The Glazers quickly dispelled rumors of a Cowher/Morris swap.  The Panthers refuse an extension for John Fox and he does not want to coach without one (cry me a river).  Black Monday was extremely quiet, with the only firings foregone conclusions.  If you'll recall, my very first post related to the reasons the Glazers went with Morris in the first place, specifically the low cost alternative while they rebuilt through the draft and prepared for the upcoming disaster known as 2011, or as we will detail after the jump, Football Armageddon.

Last year, owners voted unanimously to opt out of the labor contract.  That created an uncapped year in 2010.  Furthermore, we will most likely face a lockout in 2011.  I can not fathom how so many rich people can argue over how to divy up their very fat pie, and risk killing the goose that laid the golden egg.  Football is a public trust.  Owners leverage the irrational love that many cities feel for their football teams into one-sided stadium financing packages, then lobby Congress for additional antitrust exemptions and favorable tax treatments (even though I hate the Patriots I do have to respect Bob Kraft for building a stadium with his own money, but he is one of a few that did).  Now, on "Inside the NFL" Jerry Jones stated that a new system is needed because the current system is "broken".  Really?  Broken?  Really?  He said the current system wouldn't allow him to build the stadium he just built.  Um, what system were you working under when it was built THIS YEAR?  Did the NFL lose money?  Are owners filing bankruptcy due to lack of revenues?  In fact, when trying to sell us tickets, they tell us how the NFL has never been better.  I hate double talk. 

Look, I do not begrudge business people trying to make money.  I love capitalism as much as the next guy, and I understand that football is a business.  However, the problem is that football is not all business.  Stadium financing deals are funded by municipal bonds and tax revenues.  With the economic downturn decreasing tax revenue, many counties and states, like Hamilton County in Cincinnati are facing serious problems in the projections to pay off their new stadiums.  So, the answer from wealthy owners like Jerry Jones and Mike Brown is to cry poverty?  Surely, there is a common ground to be reached.  Surely, a middle ground that rewards the risks that owners face but also fairly compensates players for the long term damage they do to their bodies in service to the league and the public at large.  Fellas, let's get our rich heads together and find that middle ground.  Stop listening to owners that seek short term cash over long term viability and fairness. 

Unfortunately, I'm not sure that middle ground can be reached.  And, these owners may find a public that has moved on after a strike.  Seattle said goodbye to basketball and has embraced soccer.  Could that happen on a national level after a year without football.  Owners are bunkering in across the board.  John Fox, who has made the decision to make many players, like Julius Peppers, play without long term contracts, wants an extension and won't coach without one.  How does that hypocrisy taste, Mr.

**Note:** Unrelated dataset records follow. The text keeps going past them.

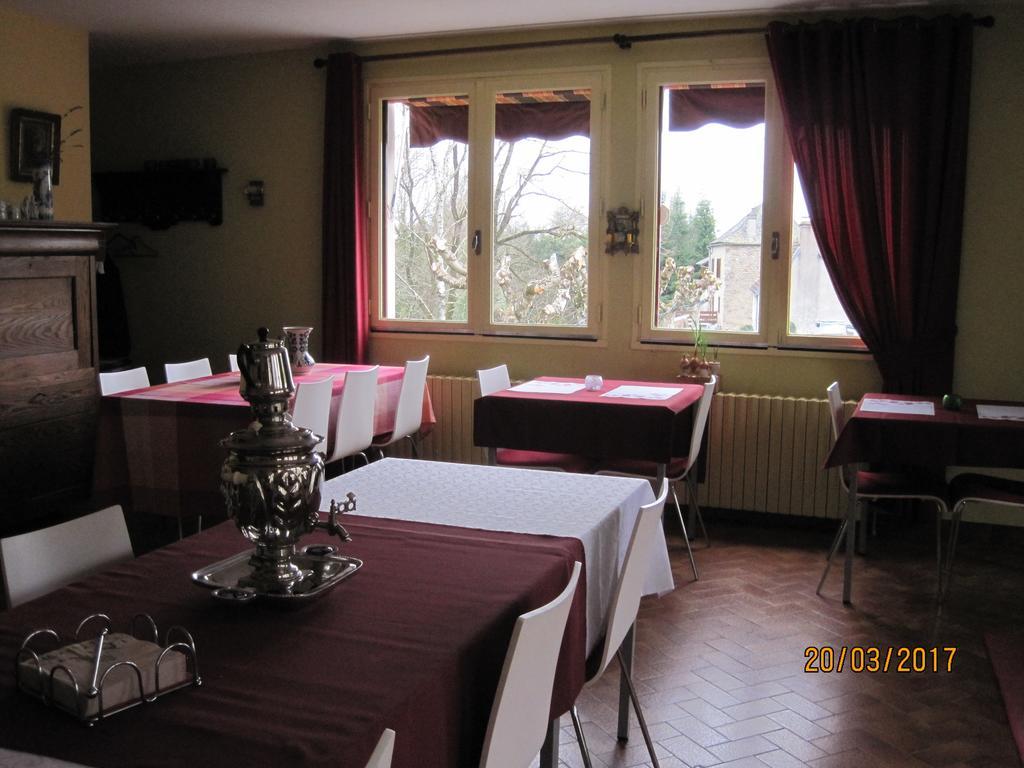Hotel Le Commerce Neuville  Екстер'єр фото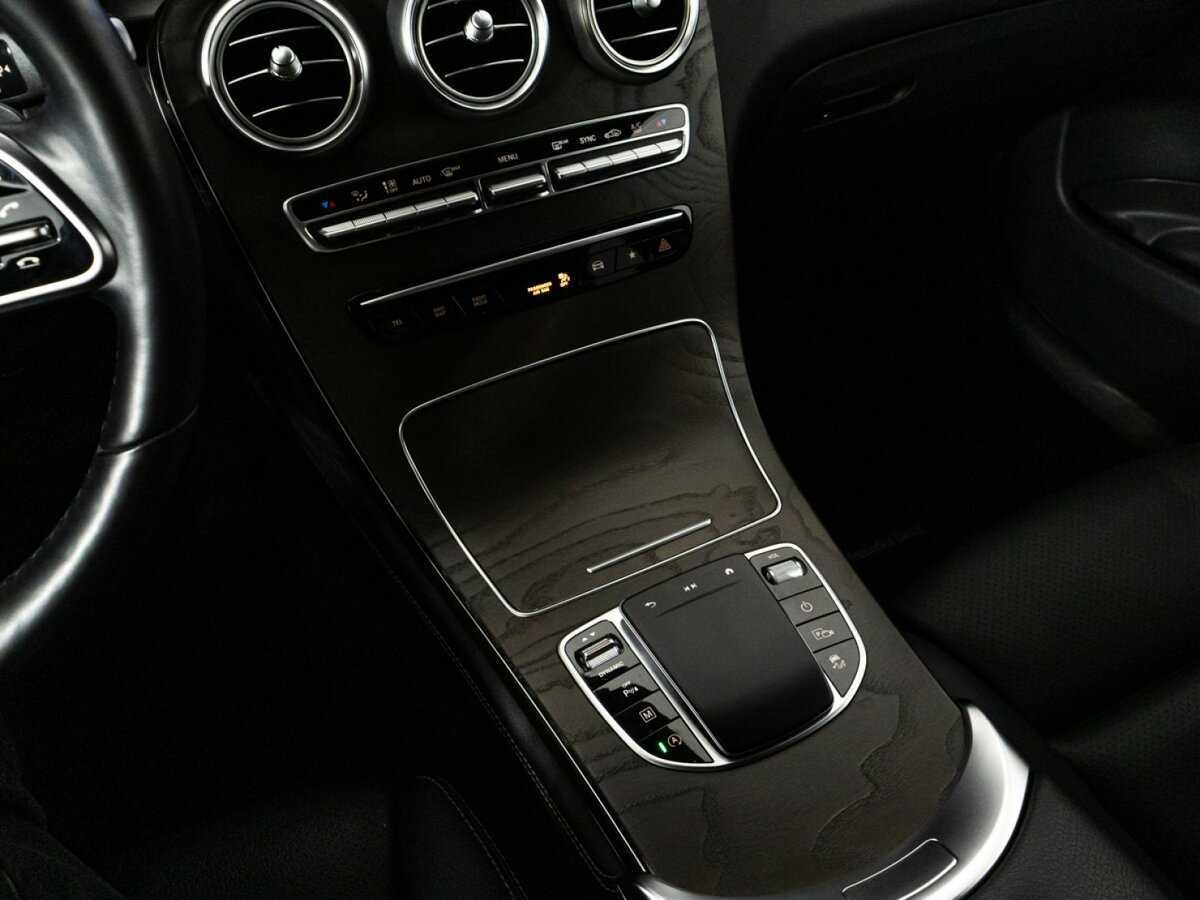 Купить Mercedes-Benz GLC с пробегом. Фото: #18
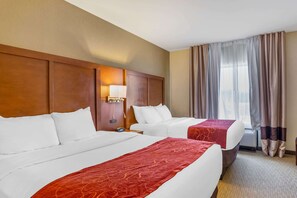 1 多间卧室、高档床上用品、办公桌、笔记本电脑工作区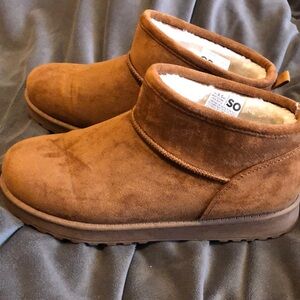 SO size 9.5 slip on ankle boot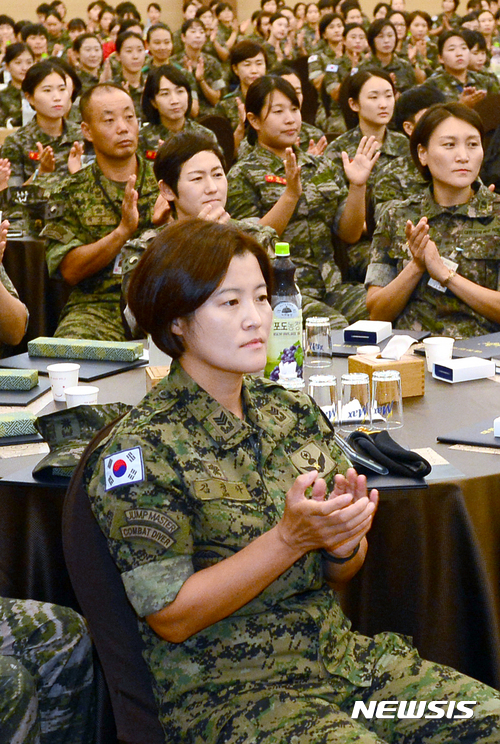 국방부, 여군도 남군처럼 중대장 2회…보직차별 타파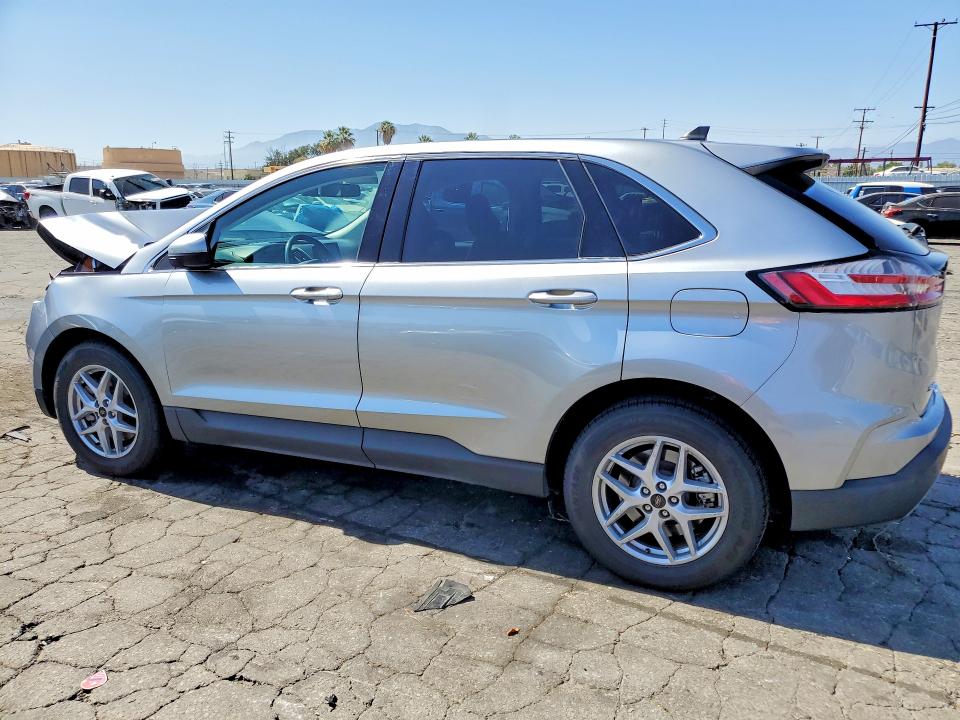 Снимка 2 от търг – 2023 FORD EDGE с VIN 2FMPK4J97PBA30923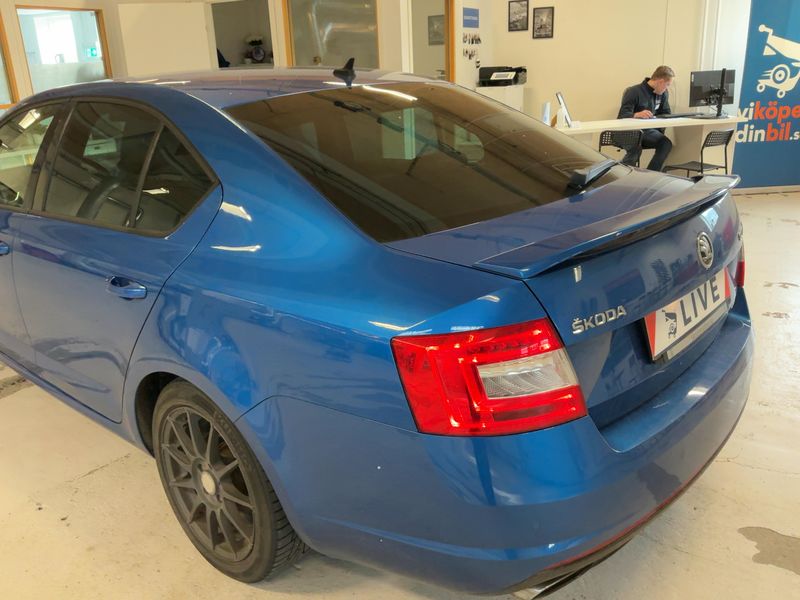 Skoda Octavia 2.0 TSI RS 2015 – снимка 6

Fox?  Panthers ownership will not extend him or sign a new coach because they see an impending strike.  The Glazers are not making changes because they see an impending strike.  The Jaguars would like to fire Jack Del Rio, but a looming strike makes paying two coaches when games aren't played particularly unpalatable.  Wade Phillips will not be replaced, regardless of playoff performance, because he has one year left on his deal.  Across the board, owners are trying to limit their costs in 2011.  Of course, Dan Snyder does not count, because he's so rich, rich people think he has a lot of money.

Is this article a little negative?  Yes.  However, I love football, but, as Greg Easterbrook is fond of saying, there is no law that says it will stay popular.  I'd hate to see it go through a needless strike when everyone involved with it is making lots of money.  At any rate, Raheem will stay for at least another year, and he has Football Armageddon to thank for that.